## Exercise goal
Transcribe the whole listing below. Pictures do not go in the copy.

## Input data
=-=-=-=-=

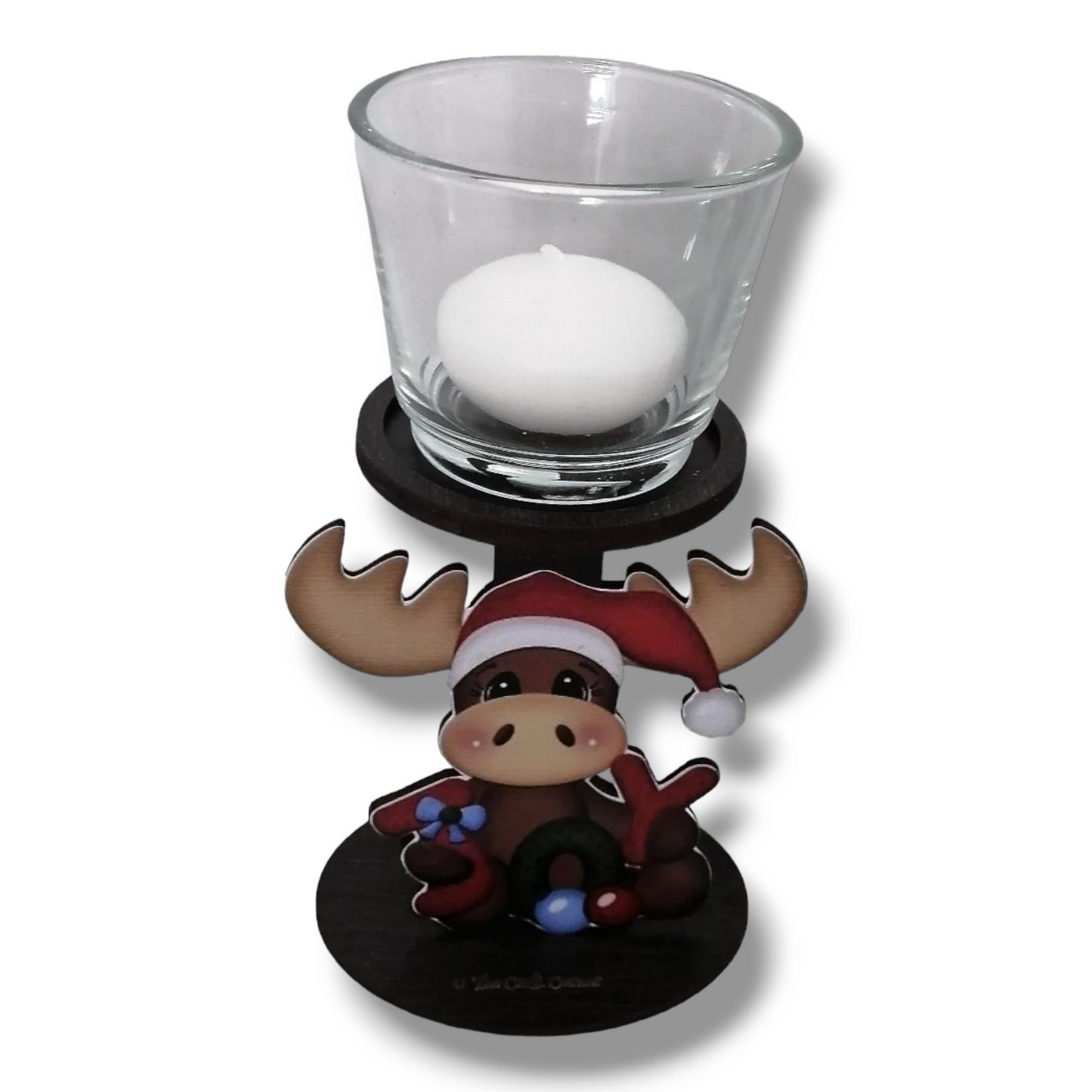Candle holder: Wooden reindeer candle cups
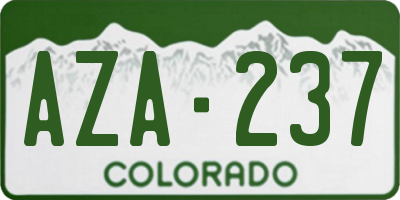 CO license plate AZA237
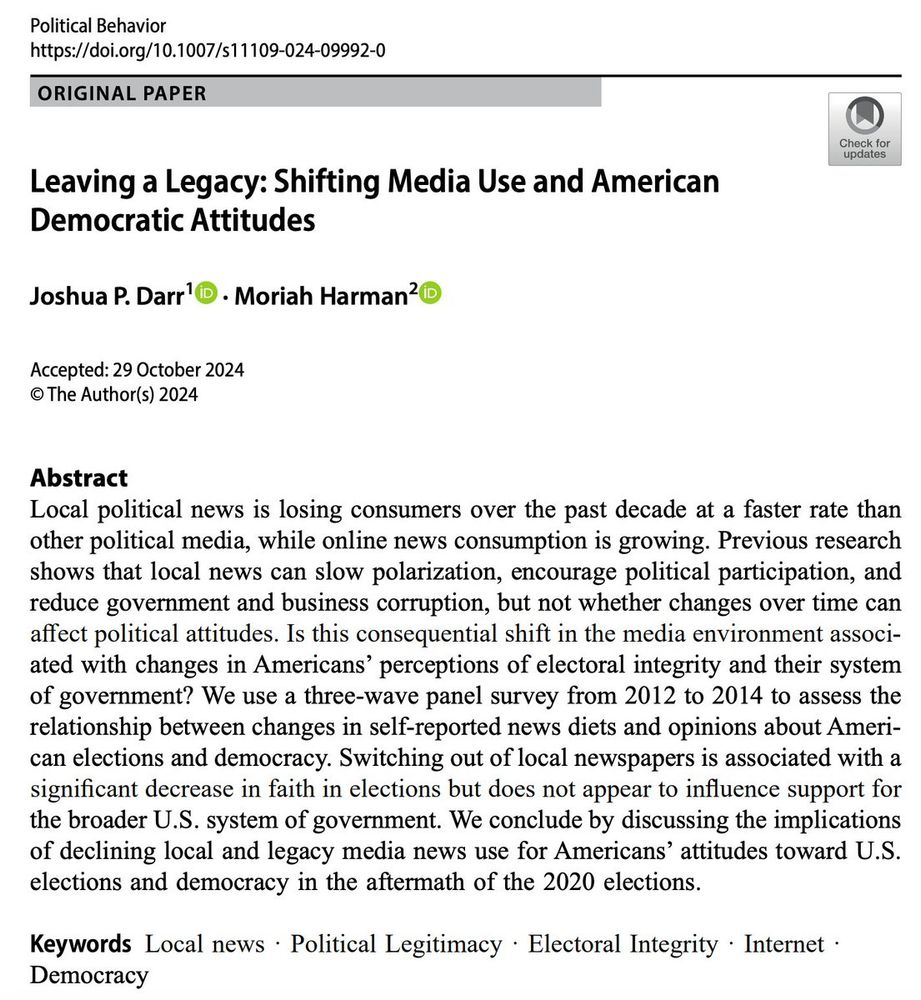 Leaving a Legacy: Shifting Media Use and American Democratic Attitudes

=-=-=-=-=

## Your solution
Candle holder: Wooden reindeer candle cups
 CO license plate AZA237
 Leaving a Legacy: Shifting Media Use and American Democratic Attitudes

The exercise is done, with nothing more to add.